Michele Whaley has been teaching Russian to all ages for more than 30 years. She shares her passion for language acquisition at national conferences and workshops, and supports teachers through social media. She was twice the World Language Teacher of the Year (ToY) for Alaska, the 2016 Pacific Northwest ToY, and a finalist for the 2017 ACTFL ToY. She transitioned from public school to university and online company and college Russian lessons, then added Spanish for a private independent school. When not teaching, Michele plays recorders in a Baroque music ensemble. She also likes to be rowing, Nordic skating, skiing, or hiking with her family and their antisocial sled dog.
Originally from southern Spain, Amanda moved to Alaska in 2014 where she taught Spanish and Social Studies at Mirror Lake Middle School (Spanish Immersion) and then at Teeland Middle School. In 2022, Amanda made the move to high school and is currently a Spanish Teacher at Wasilla High School. She holds a bachelor’s and a master’s degree in English (as a second language), as well as a Master’s degree in Advertising and Public Relations (Communication) from the Universidad de Cádiz, Spain. Previously, Amanda has taught English as a second language in Spain to elementary, secondary, and college level students at a private language academy. Amanda enjoys international travel with her husband and their four daughters.
Rebeca Maseda Garcia
Rebeca Maseda García is Professor of Spanish, and Spanish Coordinator, in the Department of Languages at the University of Alaska Anchorage where she teaches language and culture classes focused on topics related to gender violence and cinema in Spain, historical memory and the Spanish Civil War, and contemporary Latin American and Iberian cinemas. She has an extensive record of publications (as well as grants, conference presentations, guest lectures, etc.) on film, media and gender. Her last publications include two co-edited volumes with prestigious publishing companies: Gender and Violence in Spanish Culture. From Vulnerability to Accountability (Peter Lang, 2018) and Gender-Based Violence in Latin American and Iberian Cinemas (Routledge, 2020). She has been an associate investigator on two R+D projects: ‘The re-signification of women as victims in popular culture: implications towards representational innovation in the construction of vulnerability and resistance’ and ‘Mediatization of Women’s Rage: Intelligibility Frameworks and Strategies of Politicizing Transformation.’ Dr. Maseda is also the co-author of ‘Finding Your “Spanish” Voice Through Popular Media: Improving Students Confidence and Fluency,’ published in the International Journal for the Scholarship of Teaching and Learning. Volume 14.3 (2014).

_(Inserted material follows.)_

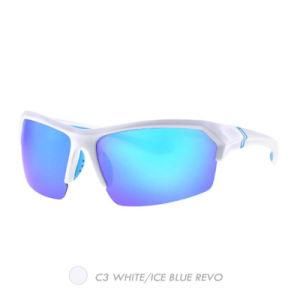 PC Polarized Sports Sunglasses, Fashion Plastic Half Frame Sp8005-03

Aline Hopkins has been teaching world languages for over 20 years. She holds two master's degrees in Francophone and Brazilian Literatures, from Universidade Federal Fluminense (Rio de Janeiro) and Arts of Teaching , from UAA.

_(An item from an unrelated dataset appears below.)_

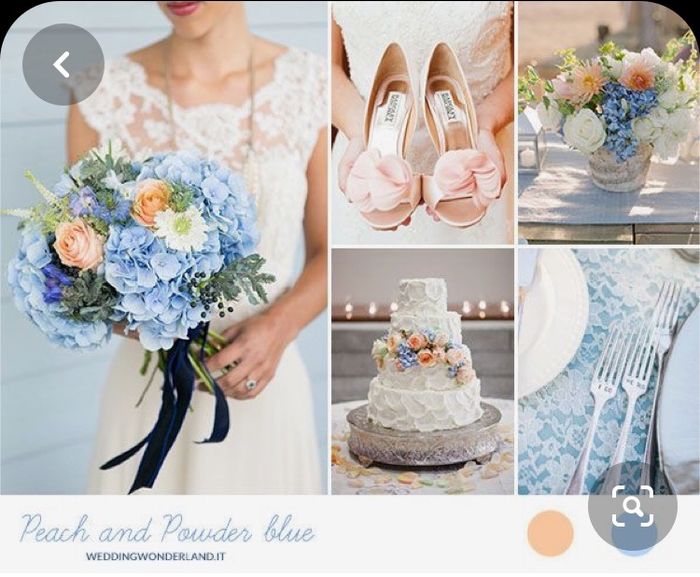 Azzurro polvere e bianco o pesca e bianco? - 1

She started her career teaching French at Michelin, Alliance Française, French immersion school in Rio de Janeiro. She also had the opportunity to live in France and teach Portuguese. Once she came to Alaska, she has been teaching French at UAA and Dimond High school for the last 19 years.
Aline is passionate about her family, travelling and discovering new cultures.